Pinning down the first email system is actually really hard. I'd be willing to bet that it's impossible to get a 100% definitive
answer. The reason for that is that there's no single origin to point to. Email and email-like
systems were developed in isolation for years, on totally unrelated computers by totally
unconnected people. The idea of sending digital messages is just so natural that it seems to just pop up on its own.
That being said, we can examine some of the earliest mailing systems to see where the idea started to take more of an official shape.
The whole concept of electronic mail starts to form just after the creation of timesharing systems.
So that's sometime in the early 1960s.
These systems allowed for a single computer's resources
to be shared between multiple users.
For the first time, more than one person could actually use a computer at once,
something that was previously impossible.
When you have a system that can only ever be used by one person,
sending messages around doesn't make all that much sense.
I mean, what are you going to do,
leave a note for the next person to turn on the computer?
You don't need special programs for that.
But once you get to this point of shared infrastructure, the possibility becomes a lot more enticing.
Suddenly there's more than one person using the same computer.
Maybe even enough users to hold a conversation.
The other factor is how these early timeshare systems were actually used.
To log into the system, you would first sit down at a personal terminal which was connected up to
the computer. Some of these terminals were wired in more or less directly, but they didn't have to
be. Most often, users were connected over a telephone line using a modem. Thanks to the
robust phone grid in the States, that meant that a user could log in from basically anywhere in the country. Work was no longer constrained to a single server room.

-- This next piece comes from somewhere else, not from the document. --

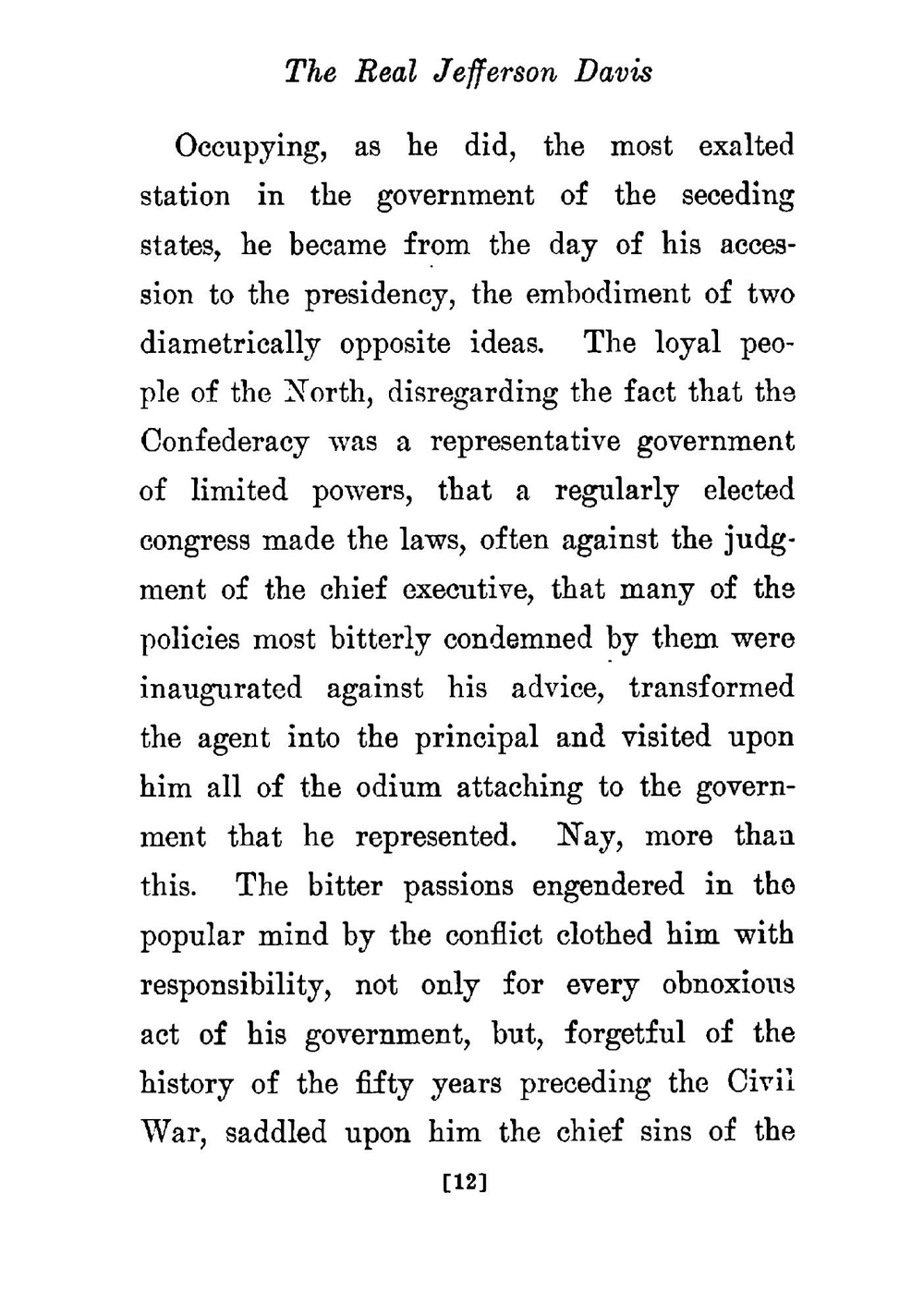 The real Jefferson Davis | Knight Landon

Instead, you could work from basically anywhere. This represented a total shift in how computers
could be used, and there'd be some big consequences. One of the first of these multi-user systems was MIT's Compatible Time-Sharing System,
or simply put, CTSS.
Completed in 1961, CTSS allowed for up to 30 users to connect to a shared IBM 7094 at
once.
While all the software that made CTSS is impressive, I just want to focus on one small aspect of
the system, and that's how it handled user accounts.
One of the big problems in any timesharing system is how to keep one user's data and programs from interfering with those of another.
This becomes really, really important when multiple programs are running simultaneously.
If one program can interfere with another, then conceivably the whole mainframe could go down.
This specific problem is usually solved using memory protection.
It's basically type controls over how a program can actually read and write to the mainframe's
memory.
Now, a parallel problem exists for files.
While one user messing around with another user's files may not harm the computer much,
it could lead to some more personalized disasters. I know
if someone wrote over my files, I wouldn't be very pleased to say the least. Just like with other
resources, the solution was to break storage up into chunks and control access to each chunk.
In CTSS, each user had a personal directory tied to their account, and with each account being
password protected, only that user
could access that directory. This worked pretty well for keeping files safely isolated. Runway
programs couldn't tamper with someone else's files, and prying eyes couldn't easily snoop on data.
But as CTSS gained more users and became much more complex, this system ran into some weird issues.
What do you do, for instance,
if someone wants to share data with another user? To us today, that sounds pretty normal. We pass
around files all the time. But in the early 60s, this was totally new. Programmers were just
starting to figure out how to make cohabitation on a computer possible. So even something as
mundane as sharing a file, well,
that was breaking new ground. CTSS implemented this in two different ways. The first and most
simple was the concept of common files. The 1963 Programmer Manual described common files like this,
quote, to allow convenient cooperation between programmers, such as students and classes or
group projects, there's a feature which makes it possible to have files common to several different Essentially, common files were stored in a directory that anyone could access.
Any user could read to common files, make new files, or even run programs stored in this shared directory. It made sharing data between programs really easy,
and it made collaboration between programmers very possible.
The feature itself is simple, but it paved the way for much more.
Just by having a shared digital space,
it became possible to make larger community-managed datasets,
or for teams of programmers to work together
without actually having to be near one another.
However, common files weren't a catch-all.
All this data was still public.
If you had a CTSS account, you could have access to every common file.
The second solution filled the gap by allowing users to securely or privately share files.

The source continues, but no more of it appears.